LeComte finished the third and fourth quadrants. Sweets had never watched such delicate eating in all his life.
“What broad?”
“LeComte, if you’re going to bullshit me, I’ll have to close shop.”
“Ah,” LeComte said. “Isaac’s old classmate. Margaret Tolstoy.”
“No. Magda Antonescu. I don’t want Russian agents running around in Mafia country.”
“She’s not a Russian agent. The woman happens to work for me.”
“Fine. Rut if she’s captured or killed, I’ll be caught in a shitstorm. And you’ll run a thousand miles from Magda. Pull her, LeComte.”
“She’s valuable,” LeComte said. “Give me a couple of months.”
“I want her off the street.”
“Did you look at her reports? She’s my best scalp hunter. The woman doesn’t miss.… I could go to Rebecca, Sweets. She won’t back you on this one.”
“Then I’ll tell her to eat the badge I’m wearing for Isaac Sidel.”
“I’ll pull Margaret … soon.”
“And she can’t testify in open court. We’ll all end up in the Lubyanka.”
“She won’t testify. I promise.”
“And what if Michaelson should subpoena her?”
“He won’t.”
“The Three Sisters might want Isaac’s old girlfriend on the stand.”
“Then we’ll have her disappear,” LeComte said.
“Just like that?”
“Just like that.”
“Well,” Sweets said, getting up from his apples and wine. “I might be able to dance with Justice … until something better comes along.
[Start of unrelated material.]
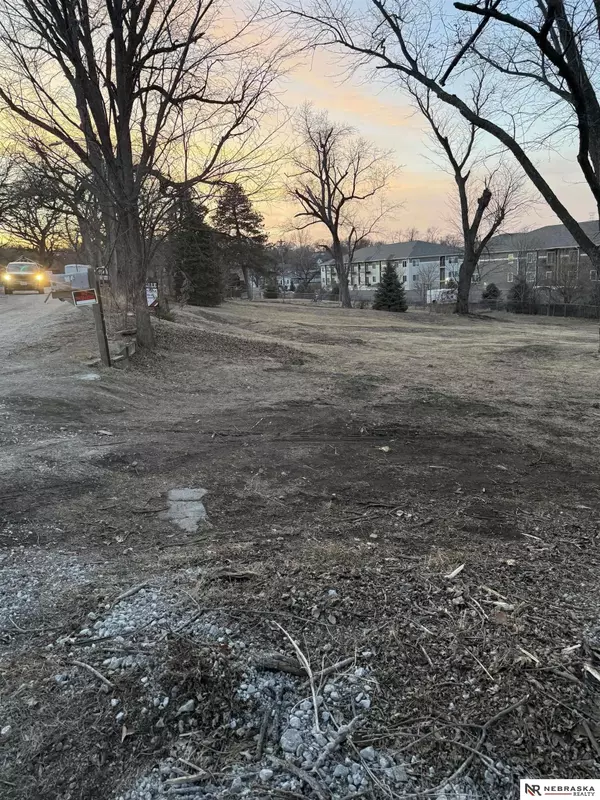 16 & 18 Country Club Road, Ralston, NE 68127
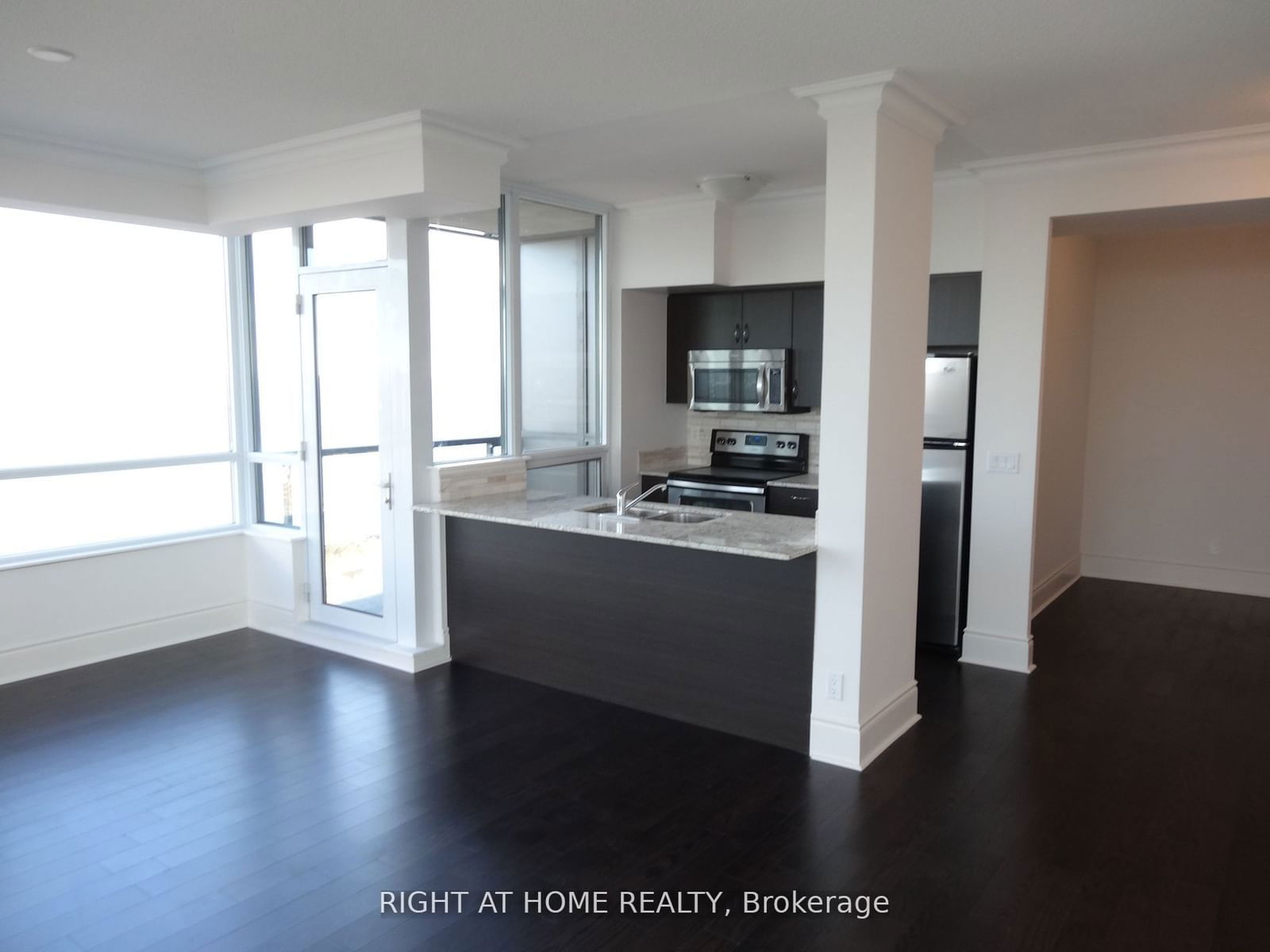 2230 Lake Shore Blvd W, unit 4304 for sale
By the way, LeComte, what do you intend to do about Henry Lee?”
“Catch the son of a bitch.”
“I mean, you didn’t have much luck the last time … without Isaac. And it doesn’t look good for Justice, having the number one bank robber in the world escaping from a goddamn federal fort.”
“We have leads,” LeComte said. “The Bureau will grab his tail.”
“I hope so,” Sweets said. “Because I’m scared shit
of Henry Lee.”
And he marched out of the wine cellar, leaving Justice to pay the bill.
25
It was a life like any life, being a citizen of Riker’s. Don Isacco had grown fond of the isolation ward. He preferred it to the commissioners’ floor. He could retire here, howl for his pension, get extra ice cream for the child molesters. Macho, who was nineteen, had never learned to read. And Isaac composed an alphabet book, scratching out little stories that he had Macho memorize. He never asked the blue-eyed boy what he had done. It wasn’t kosher to talk about one’s own case. And Isaac wouldn’t use his imagination. In two weeks’ time he’d turned Macho into a spectacular speller. In a month Macho was building paragraphs. Isaac was proud of his pupil. But all the little cushions he’d prepared, the habits of a man among outcasts like himself, failed him the moment Margaret arrived in the ward.
It was as if she were some marvel who’d floated through the gates. Her visit was as disturbing as Marilyn the Wild’s, and twice as magical, because Margaret was like a piece of family furniture that had been lost to Isaac. And he was wounded all over again. The vacation had ended for Don Isacco. Riker’s was only another howling in his head. The isolation ward had drifted to infinity and Isaac was left with Margaret Tolstoy.
“The guards here are jokers,” she said. “They kept touching my tits.”
“It’s nothing,” Isaac said like a sleepwalker. “A body search.”
“That wasn’t a body search. It was more like rape. But …”
“I know, Sal Rubino’s snoring and you can’t stay. He might get up any minute and ask about his Margaret.”
“Isaac, shhhh. I heard Sal talking to his captain.”
“You mean ol’ Yellow Eyes.”
“The two of them were arranging a hit. They have a soldier in this lousy jail. They called him the Big Blue. They said, ‘We’ll have the Big Blue jump on Isaac. The Blue will put out his lights.’ Why the hell are you laughing?”
“A blue is a black man. The Big Blue could be anybody at Riker’s.”
“Then find him, Isaac, because he won’t go away. Sal was talking dollars, a lot of dollars.”